School of
Information Technology and Electrical Engineering

Designing for Collaborative Automation: A Intelligent Course-of-Action Exploration Tool for Transportation Planning

Dr Emilie M. Roth - Roth Cognitive EngineeringMon, 02/07/2012 - 11:00
Prof. Penelope Sanderson and Cara Stitzlein (President HFES - UQ Student Chapter)

A US National Research Council committee on Human-System Design highlighted the importance of grounding system design in an understanding of the cognitive and collaborative demands of the work  (Pew and Mavor, 2007). Work-centered design (WCD) embraces this philosophy. Work aiding is provided through a combination of visualizations that enable practitioners to directly perceive work goals, affordances and constraints (representational aiding), and direct aiding whereby machine intelligence is used to synthesize and present needed information in the context of work visualizations (e.g., alerting to problems or suggesting solutions).
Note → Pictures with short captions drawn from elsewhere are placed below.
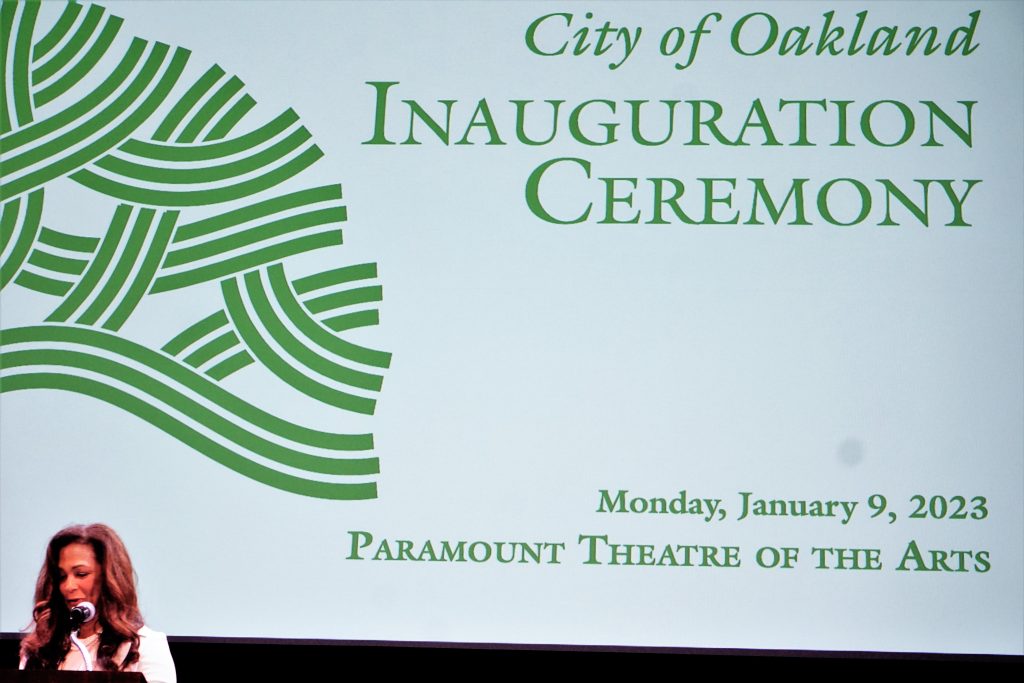 A Black woman with brown hair is in lower bottom left of image, with a large projection behind her that says "City of Oakland Inauguration Ceremony"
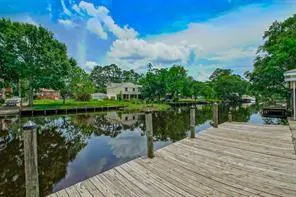 Wooden dock on a canal with trees and houses in the background under a blue sky with white clouds.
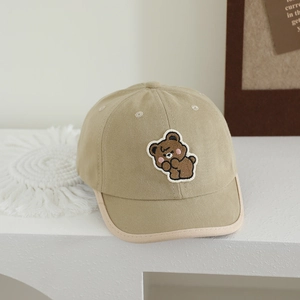 Close-up of cute brown bear embroidery patch and hemmed brim on kids cotton baseball cap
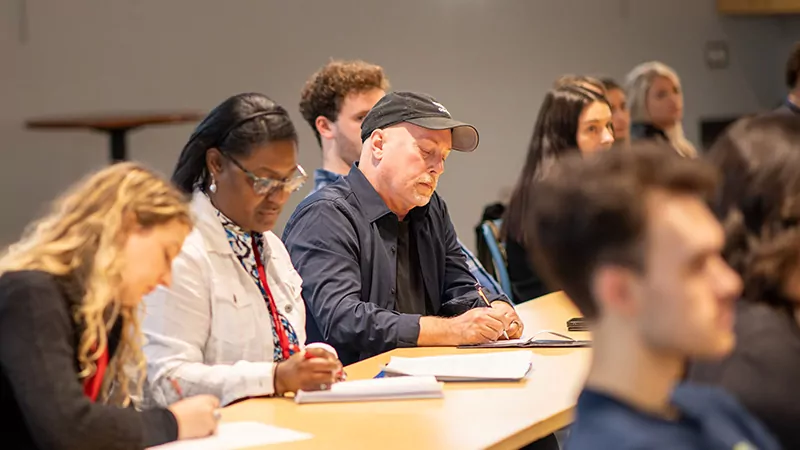 Adult students take notes while listening in class.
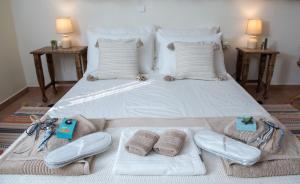 a large white bed with towels and shoes on it at kouremenos beach house East in Angathiás +8 photos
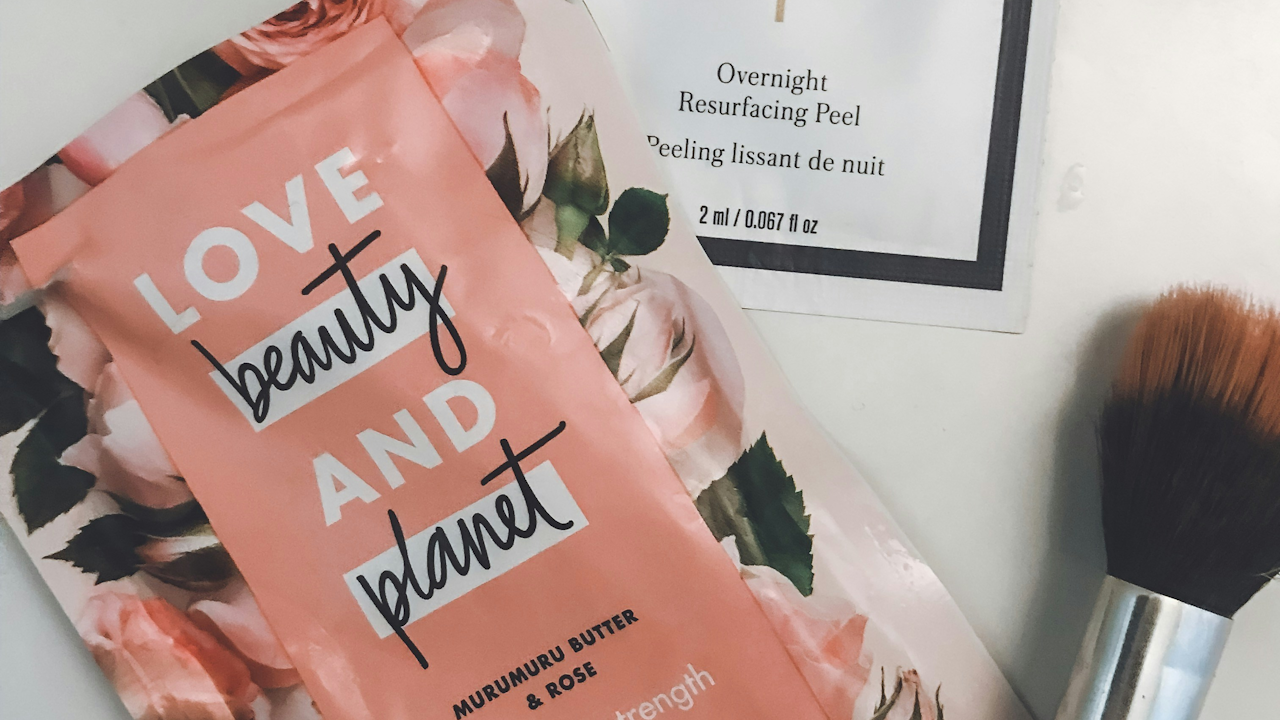 A high-angle close-up shot of a Love Beauty and Planet Murumuru Butter and Rose hair mask next to a makeup brush.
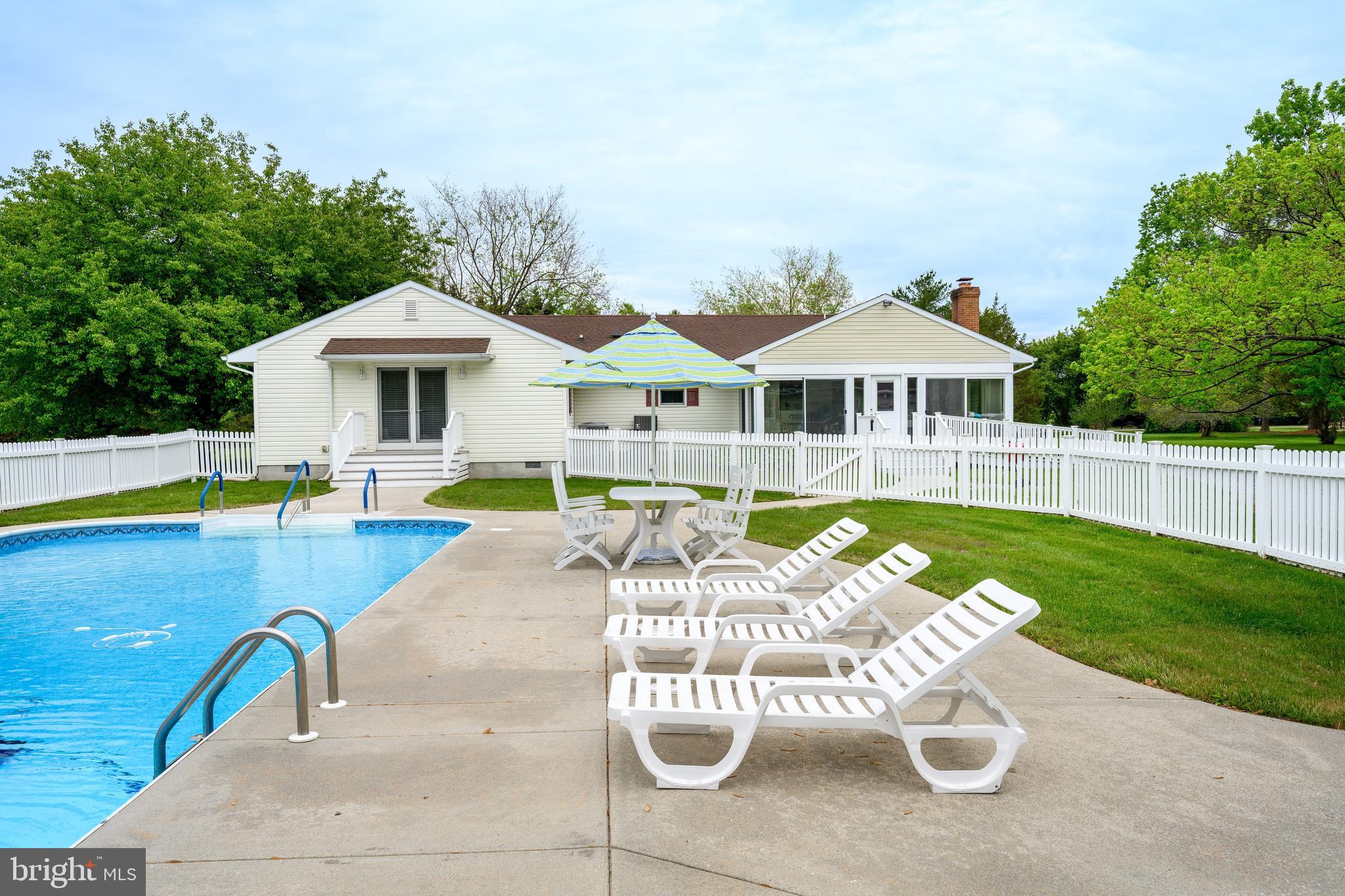 25714 Edgeview Road Royal Oak, MD 21662 - Photo 28 of 39 a view of a house with swimming pool and sitting area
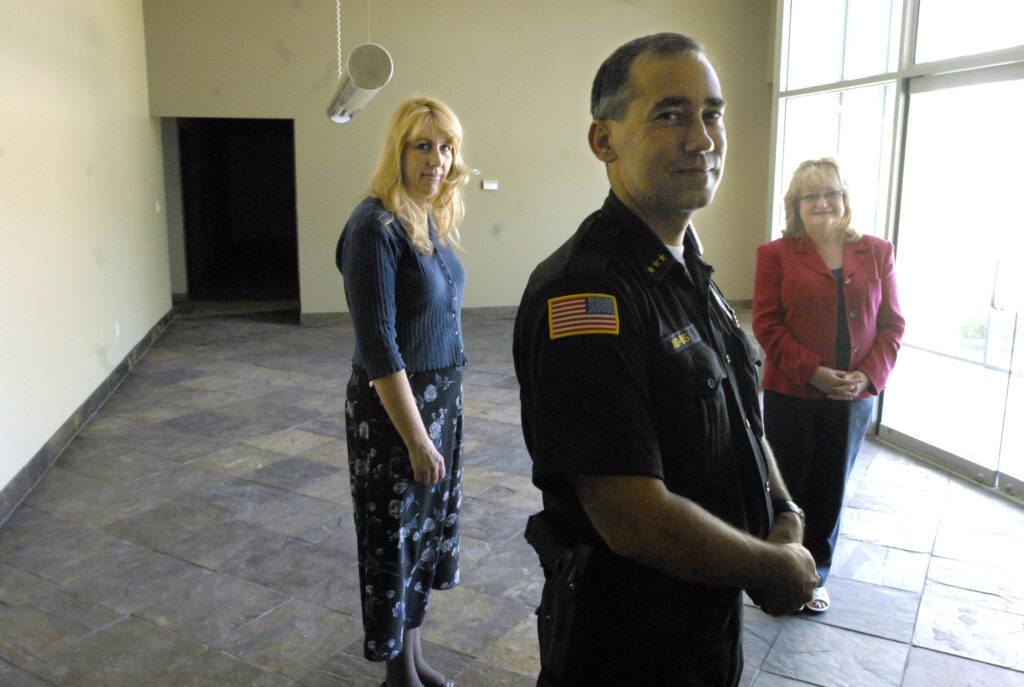 Image inside the Liberty Lake Police and Library building with Mayor Wendy Van Orman (Left), Police Chief Brian Asmus (Center), and Library Director Pamela Mogen (Right).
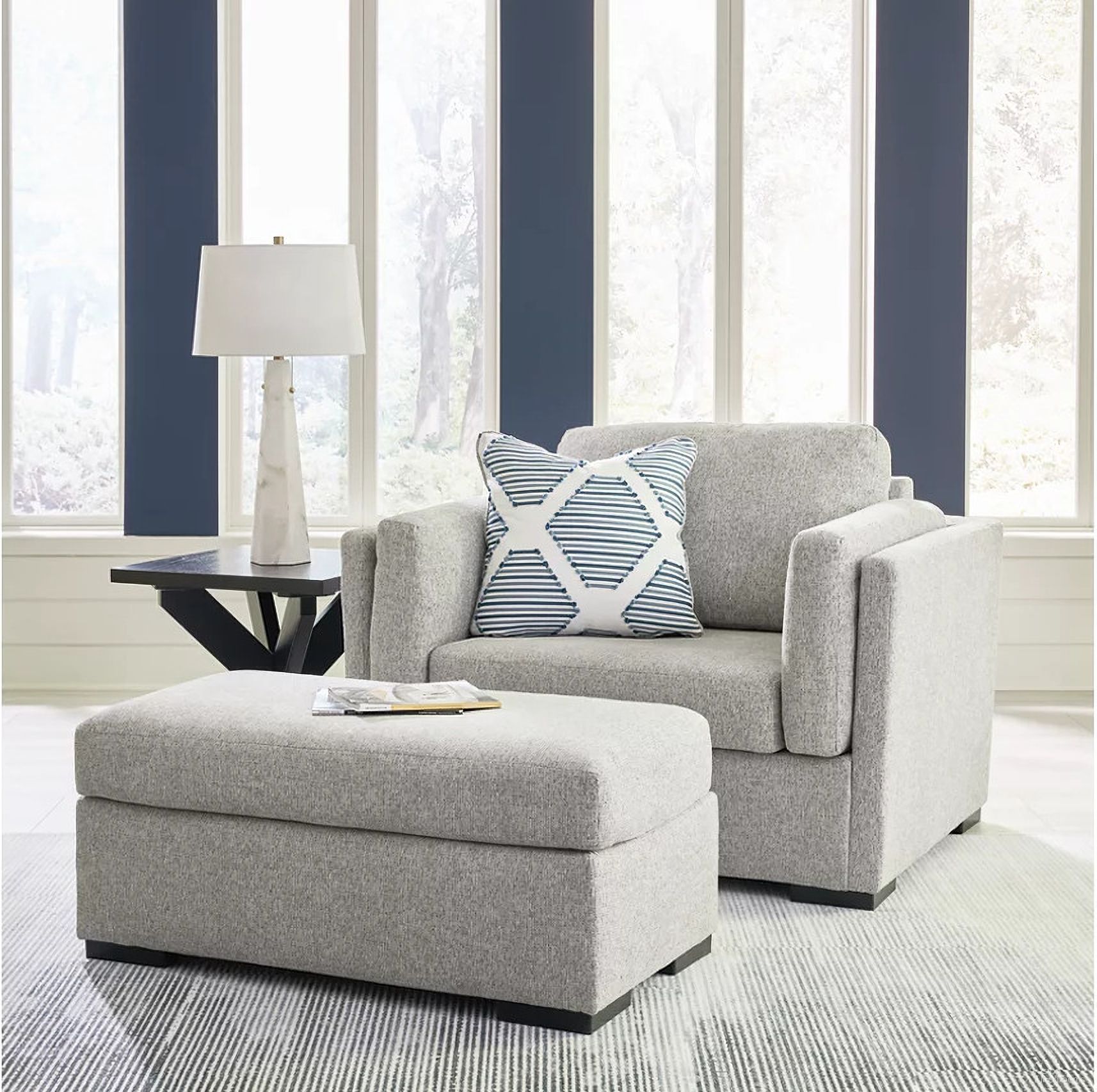 The appearance of Evansley Oversized Chair and Ottoman designed by Signature Design by Ashley in the modern / contemporary interior design. This pewter piece of furniture  was selected by 1StopBedrooms from Evansley Collection to add a touch of cosiness and style into your home. Sku: 5450314;5450323. Material: Wood.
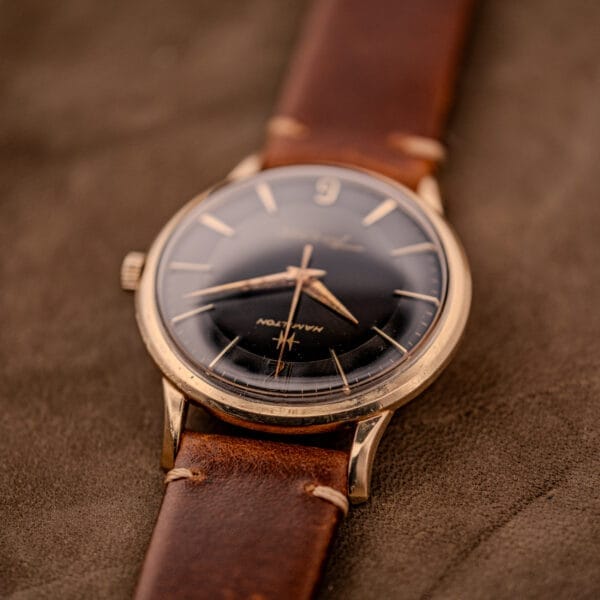 A Hamilton Thin-O-Matic Black Dial 10k Gold Filled Case Cal. 663 wristwatch with a brown leather strap is displayed elegantly on a suede surface.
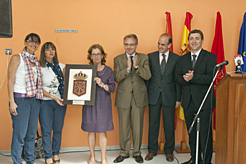 El Presidente Sanz entrega un escudo de Navarra a la directora del centro. 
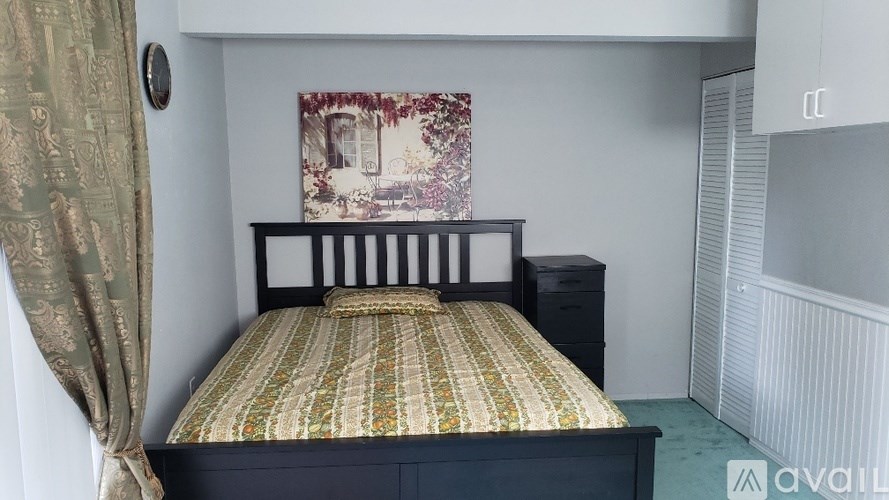 A bedroom with a bed, a dresser, and a painting on the wall.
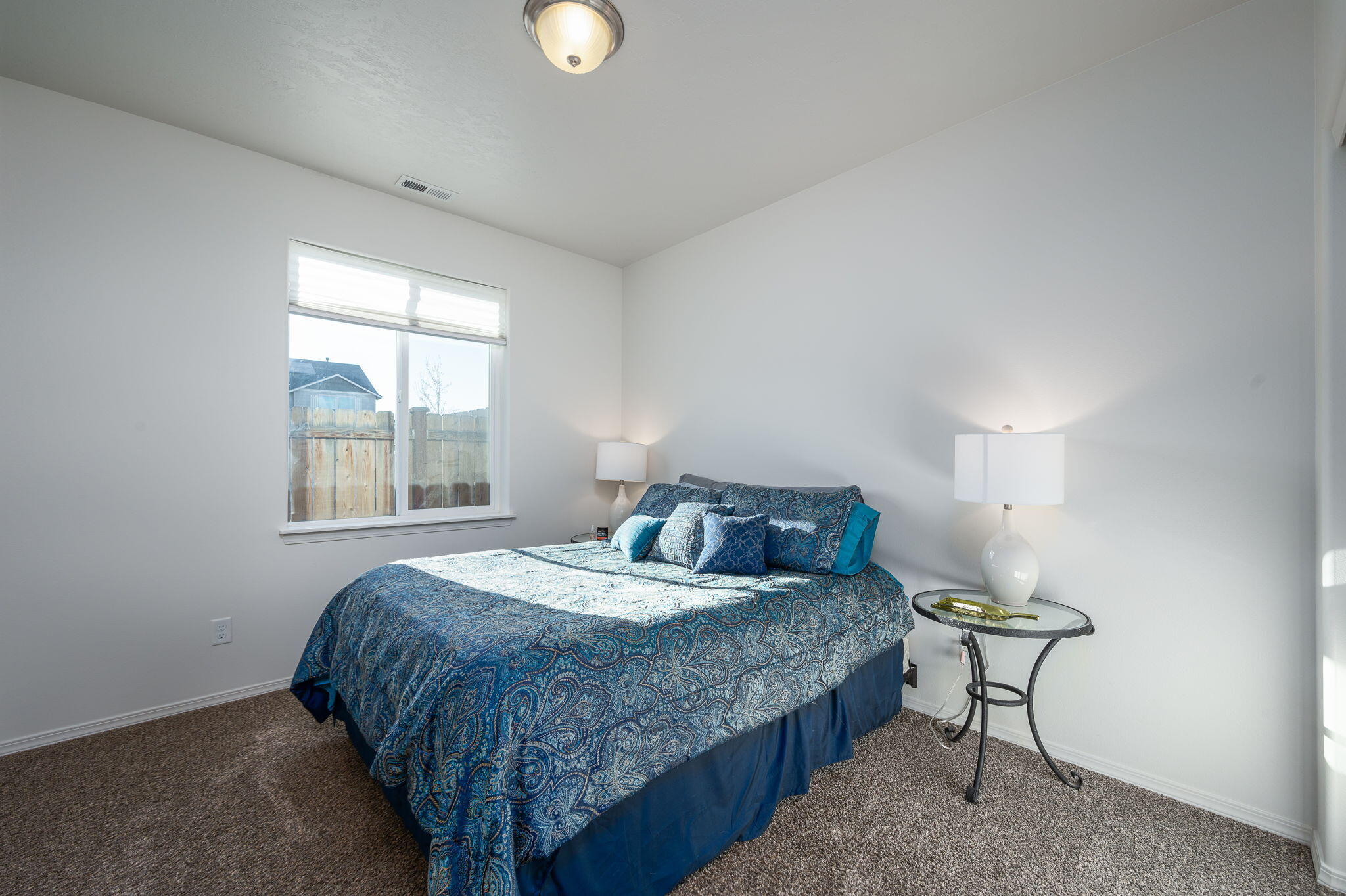 Bedroom with blue paisley bedding, gray carpet, and a window overlooking a fenced yard.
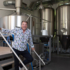 A man stands in a brewery in Munich and smiles.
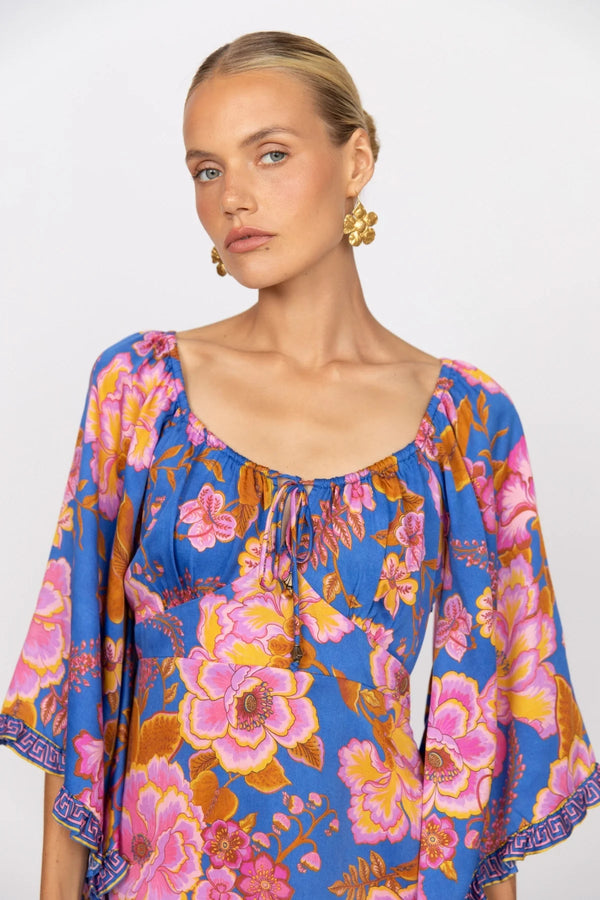 Woman wearing a colorful floral blouse against a white background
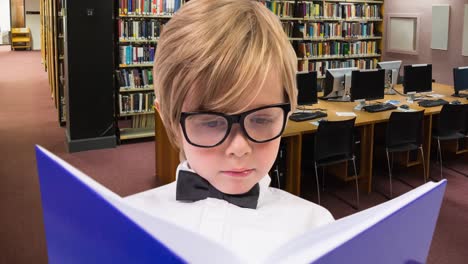 animation of caucasian boy reading book over library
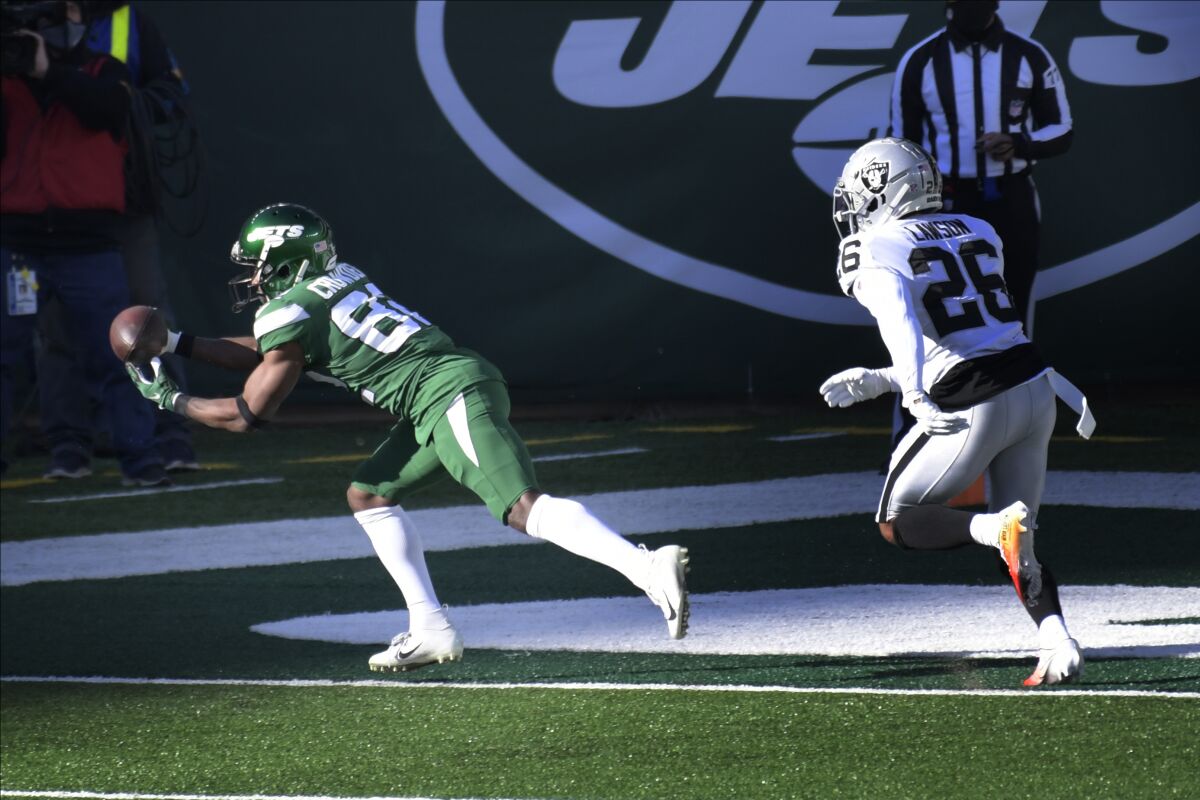 New York Jets' Jamison Crowder, left, catches a pass for a touchdown during the first half an NFL football game against the Las Vegas Raiders, Sunday, Dec. 6, 2020, in East Rutherford, N.J. (AP Photo/Bill Kostroun)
In this talk I will illustrate the WCD approach by describing one of the most recent prototype support systems we have developed as part of a program to develop and test decision support systems for a military transportation planning organization. The work I will describe is being conducted in collaboration with colleagues from Raytheon BBN Technologies, under the sponsorship of the US Air Force Research Labs. To military transportation planners a course of action (COA) is a transportation plan – a description of the vehicles, routes, and ports to be used to move cargo and passengers to designated locations.  Planners are often faced with the need to quickly produce multiple COA options in response to dynamically emerging needs. We designed, prototyped, and evaluated a rapid COA exploration tool that enables planners to rapidly develop and investigate multiple potential plans. The prototype leverages simulation technology and is part of an ongoing effort to develop and illustrate techniques for design of collaborative automated aids that build on opaque underlying problem-solving technologies. The general implications for design of effective, work-centered, collaborative automation will be discussed.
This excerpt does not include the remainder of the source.